Wherever "Vintage" turns up in the entries, copy out the line that holds it.

*** THE DATA ***

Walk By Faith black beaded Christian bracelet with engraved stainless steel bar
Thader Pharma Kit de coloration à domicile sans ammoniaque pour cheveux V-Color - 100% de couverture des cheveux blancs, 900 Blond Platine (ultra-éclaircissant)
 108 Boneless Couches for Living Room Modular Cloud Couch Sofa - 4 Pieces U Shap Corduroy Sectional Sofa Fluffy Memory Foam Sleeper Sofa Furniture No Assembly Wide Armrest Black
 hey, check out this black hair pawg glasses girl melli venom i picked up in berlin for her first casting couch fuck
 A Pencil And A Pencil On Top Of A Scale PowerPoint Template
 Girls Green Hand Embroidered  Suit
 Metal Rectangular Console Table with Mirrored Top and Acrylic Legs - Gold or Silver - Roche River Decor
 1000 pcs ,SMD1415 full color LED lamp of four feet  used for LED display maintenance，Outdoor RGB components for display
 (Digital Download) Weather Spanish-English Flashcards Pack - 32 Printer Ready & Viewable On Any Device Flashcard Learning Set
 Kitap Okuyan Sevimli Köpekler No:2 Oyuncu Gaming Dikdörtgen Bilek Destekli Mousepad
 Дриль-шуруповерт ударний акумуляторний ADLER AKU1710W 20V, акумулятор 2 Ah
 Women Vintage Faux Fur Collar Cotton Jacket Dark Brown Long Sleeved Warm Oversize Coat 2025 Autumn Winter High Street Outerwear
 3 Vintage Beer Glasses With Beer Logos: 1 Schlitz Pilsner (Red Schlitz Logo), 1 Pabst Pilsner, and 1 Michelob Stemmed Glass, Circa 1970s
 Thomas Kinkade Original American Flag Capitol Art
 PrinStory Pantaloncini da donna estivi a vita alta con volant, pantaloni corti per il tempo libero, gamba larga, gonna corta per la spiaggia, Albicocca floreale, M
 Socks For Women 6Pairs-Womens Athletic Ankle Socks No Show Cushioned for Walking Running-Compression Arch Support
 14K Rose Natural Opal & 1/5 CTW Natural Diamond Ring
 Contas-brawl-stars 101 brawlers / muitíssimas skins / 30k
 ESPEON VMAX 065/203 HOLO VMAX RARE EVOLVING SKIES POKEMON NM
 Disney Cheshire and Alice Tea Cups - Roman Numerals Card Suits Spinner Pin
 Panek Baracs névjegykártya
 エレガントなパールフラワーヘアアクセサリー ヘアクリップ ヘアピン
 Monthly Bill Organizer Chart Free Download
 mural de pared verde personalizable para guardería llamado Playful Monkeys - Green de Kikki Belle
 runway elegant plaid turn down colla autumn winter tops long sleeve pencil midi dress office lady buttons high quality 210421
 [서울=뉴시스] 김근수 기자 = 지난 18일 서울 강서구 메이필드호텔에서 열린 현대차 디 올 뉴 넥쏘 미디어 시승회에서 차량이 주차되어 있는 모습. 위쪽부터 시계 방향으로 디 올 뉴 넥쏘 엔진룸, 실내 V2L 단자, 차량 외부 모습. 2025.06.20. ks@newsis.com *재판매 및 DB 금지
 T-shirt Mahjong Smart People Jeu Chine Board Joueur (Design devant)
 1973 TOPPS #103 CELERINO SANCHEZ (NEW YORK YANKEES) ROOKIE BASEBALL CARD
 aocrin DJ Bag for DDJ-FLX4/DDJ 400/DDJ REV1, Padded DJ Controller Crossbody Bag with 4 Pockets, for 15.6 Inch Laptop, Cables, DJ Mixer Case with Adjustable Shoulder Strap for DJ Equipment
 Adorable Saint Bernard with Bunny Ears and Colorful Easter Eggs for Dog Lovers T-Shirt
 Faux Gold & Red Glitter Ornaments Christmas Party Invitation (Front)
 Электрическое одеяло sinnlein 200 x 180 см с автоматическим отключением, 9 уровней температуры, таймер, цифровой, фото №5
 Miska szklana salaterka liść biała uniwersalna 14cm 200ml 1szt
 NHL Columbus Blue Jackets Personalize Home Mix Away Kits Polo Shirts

*** End of THE DATA ***

» **ANSWER BELOW**:
 Women Vintage Faux Fur Collar Cotton Jacket Dark Brown Long Sleeved Warm Oversize Coat 2025 Autumn Winter High Street Outerwear
 3 Vintage Beer Glasses With Beer Logos: 1 Schlitz Pilsner (Red Schlitz Logo), 1 Pabst Pilsner, and 1 Michelob Stemmed Glass, Circa 1970s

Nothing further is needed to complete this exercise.